The Court summed up the conclusion as follows-

(1) For implementation of the impugned Statute creamy layer must be excluded.

(2) There must be periodic review as to the desirability of continuing operation of the Statute. This shall be done once in every five years.

(3) The Central Government shall examine as to the desirability of fixing a cut off marks in respect of the candidates belonging to the Other Backward Classes (OBCs). By way of illustration it can be indicated that five marks grace can be extended to such candidates below the minimum eligibility marks fixed for general categories of students.

This would ensure quality and merit would not suffer. If any seats remain vacant after adopting such norms they shall be filled up by candidates from general categories.

(4) So far as determination of backward classes is concerned, a Notification should be issued by the Union of India. This can be done only after exclusion of the creamy layer for which necessary data must be obtained by the Central Government from the State Governments and Union Territories. Such Notification is open to challenge on the ground of wrongful exclusion or inclusion. Norms must be fixed keeping in view the peculiar features in different States and Union Territories.

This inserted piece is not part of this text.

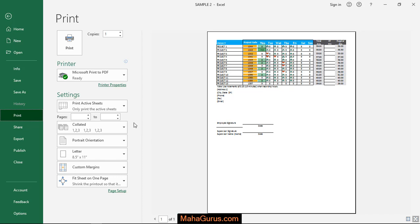That means the pages will print in order. After selecting collated, you can press enter and print the pages.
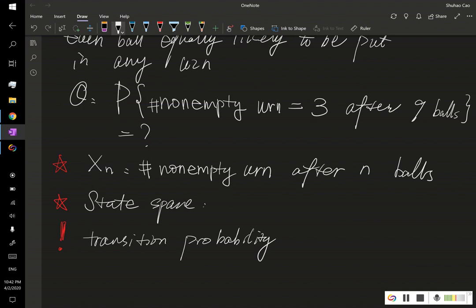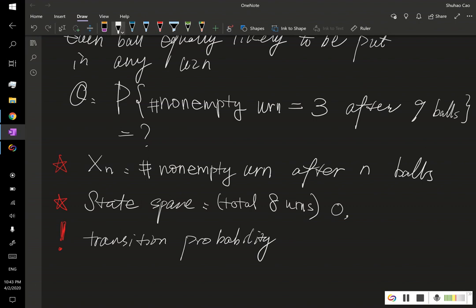The state space is quite simple. We have eight urns total, so initially we have zero non-empty urns, and after distributing balls we may have more. The state space is the non-negative integers from zero to eight.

(5) There has to be proper identification of Other Backward Classes (OBCs.). For identifying backward classes, the Commission set up pursuant to the directions of this Court in Indra Sawhney No.1 has to work more effectively and not merely decide applications for inclusion or exclusion of castes. While determining backwardness, graduation (not technical graduation) or professional shall be the standard test yardstick for measuring backwardness.

(6) To strike the constitutional balance it is necessary and desirable to ear-mark certain percentage of seats out of permissible limit of 27% for socially and economically backward classes.

(7) In the Constitution for the purposes of both Articles 15 and 16, caste is not synonyms with class. However, when creamy layer is excluded from the caste, the same becomes an identifiable class for the purpose of Articles 15 and 16.

(8) Stress has to be on primary and secondary education so that proper foundation for higher education can be effectively laid.

(9) So far as the constitutional amendments are concerned:

(i) Articles 16(1) and 16(4) have to be harmoniously construed. The one is not an exception to the other.

(ii) Articles 15(4) and 15(5) operate in different fields. Article 15(5) does not render Article 15(4) inactive or inoperative.

(10) While interpreting the constitutional provisions, foreign decisions do not have great determinative value. They may provide materials for deciding the question regarding constitutionality. In that sense, the strict scrutiny test is not applicable and in-depth scrutiny has to be made to decide the constitutionality or otherwise, of a statute.

(11) If material is shown to the Central Government that the Institution deserves to be included in the Schedule, the Central Government must take an appropriate decision on the basis of materials placed and on examining the concerned issues as to whether Institution deserves to be included in the Schedule.